While the road to independence was not a bloody one like that our Central American and Mexican neighbors, it did present challenges. For many years, the Belizean, at the time British Honduras, Government largely left matters up to the British. The Government under the administration of Premier George Price, leader of the Peoples United Party (PUP), was the first to start a campaign for Independence. He believed that if Belize could rally sufficient international support independence would soon come. But Belize had one major issue to settle and it was the looming invasion threat from Guatemala over a claim to southern most Belizean territory. With the help of National Heroes such as Antonio Soberanis, Monrad Metzgen, and Philip Goldson, British Honduras became Belize, a fully independent nation recognized by the United Nations (UN).
The journey climaxed in November 1980, when the United Nations (UN) passed a resolution that called for the secure independence of Belize, with all its territory, before the next session of the UN in 1981. It further called on Britain to continue to defend Belize.

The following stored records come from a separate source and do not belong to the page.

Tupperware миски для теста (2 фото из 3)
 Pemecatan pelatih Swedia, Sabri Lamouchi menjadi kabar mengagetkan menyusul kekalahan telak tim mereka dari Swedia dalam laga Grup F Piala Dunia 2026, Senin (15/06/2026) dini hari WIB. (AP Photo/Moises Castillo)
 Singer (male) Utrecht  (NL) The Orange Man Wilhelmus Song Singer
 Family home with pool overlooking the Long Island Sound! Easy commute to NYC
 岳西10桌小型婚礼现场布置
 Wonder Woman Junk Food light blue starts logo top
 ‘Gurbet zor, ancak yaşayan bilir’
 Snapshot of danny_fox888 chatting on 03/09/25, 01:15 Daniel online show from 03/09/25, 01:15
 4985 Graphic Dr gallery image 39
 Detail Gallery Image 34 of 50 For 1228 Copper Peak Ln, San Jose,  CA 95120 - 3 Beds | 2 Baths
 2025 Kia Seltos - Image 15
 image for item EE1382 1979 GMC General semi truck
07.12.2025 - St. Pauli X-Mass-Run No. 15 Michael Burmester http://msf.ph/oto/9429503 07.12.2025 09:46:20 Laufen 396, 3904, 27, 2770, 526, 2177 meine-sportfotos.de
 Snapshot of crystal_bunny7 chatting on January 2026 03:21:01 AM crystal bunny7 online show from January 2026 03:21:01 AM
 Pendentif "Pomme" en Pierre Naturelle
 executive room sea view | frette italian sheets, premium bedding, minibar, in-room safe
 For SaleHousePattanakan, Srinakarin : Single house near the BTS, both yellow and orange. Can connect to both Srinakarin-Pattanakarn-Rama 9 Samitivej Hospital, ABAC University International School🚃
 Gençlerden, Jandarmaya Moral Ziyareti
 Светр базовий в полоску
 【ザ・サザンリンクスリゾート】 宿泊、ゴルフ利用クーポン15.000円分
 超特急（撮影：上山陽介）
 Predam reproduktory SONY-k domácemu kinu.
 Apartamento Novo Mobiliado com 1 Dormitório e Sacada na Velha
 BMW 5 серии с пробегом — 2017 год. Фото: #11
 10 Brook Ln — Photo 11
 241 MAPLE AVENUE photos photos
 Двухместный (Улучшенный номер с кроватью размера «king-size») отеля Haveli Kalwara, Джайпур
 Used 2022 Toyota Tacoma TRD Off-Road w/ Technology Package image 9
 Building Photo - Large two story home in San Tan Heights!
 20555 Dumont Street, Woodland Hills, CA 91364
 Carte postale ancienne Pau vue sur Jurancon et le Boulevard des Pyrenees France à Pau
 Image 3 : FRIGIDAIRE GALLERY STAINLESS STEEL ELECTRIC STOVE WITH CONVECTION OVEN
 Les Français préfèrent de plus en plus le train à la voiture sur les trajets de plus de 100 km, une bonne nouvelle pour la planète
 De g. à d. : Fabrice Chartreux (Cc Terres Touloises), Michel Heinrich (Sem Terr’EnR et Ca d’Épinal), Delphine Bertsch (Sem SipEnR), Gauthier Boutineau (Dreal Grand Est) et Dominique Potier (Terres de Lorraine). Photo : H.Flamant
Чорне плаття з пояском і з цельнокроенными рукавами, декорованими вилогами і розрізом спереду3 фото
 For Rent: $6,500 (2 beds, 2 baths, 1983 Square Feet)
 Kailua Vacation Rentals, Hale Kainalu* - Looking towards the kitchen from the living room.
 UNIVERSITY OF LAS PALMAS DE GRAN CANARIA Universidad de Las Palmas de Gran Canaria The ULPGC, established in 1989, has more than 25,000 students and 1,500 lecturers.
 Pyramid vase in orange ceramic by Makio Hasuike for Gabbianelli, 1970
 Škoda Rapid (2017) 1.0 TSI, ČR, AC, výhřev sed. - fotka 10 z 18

The vote was overwhelmingly in favor, and it is interesting to note that for the first time even the United States of America voted in favor. The Organization of American States (OAS), which had previously taken Guatemala’s side, now fully endorsed the UN’s resolution.
But Britain still refused to provide a defense guarantee, insisting that greater efforts be made to reach a settlement on the Guatemalan claim. Talks began in early 1981, resulting in a document popularly called the “Heads of Agreement” signed between Britain, Guatemala and Belize. The Belizean people, suspicious of any terms that would amount to land cession, rejected the document causing several days of rioting and the declaring of a state of emergency. It was expected that an agreement would be reached in future negotiations, but as time passed Belize and Guatemala were unable to agree on all points.The decision was taken, with the consent of the British government and the support of the international community, to proceed to independence and to continue efforts thereafter to develop peaceful and friendly relations with Guatemala.
In July 1981, Britain agreed to maintain presence in Belize for an appropriate period to guarantee its defense. On July 26, 1981 the Belize government announced the date for Belize’s independence as September 21, and on that date in 1981, Belize became an independent nation and in Belize City, as well as towns and villages all over the country, a midnight flag raising ceremony was held.
Today we patriotically celebrate our independence and honor our national heroes who paved the path to what Belize is today. With the colors red, blue and white decorating everything from our buildings and our streets we shout “long live Belize, our little jewel by the Caribbean Sea”. On our 34th independence we celebrate under the theme “Belize Renewed: Confident, Competitive, Committed.”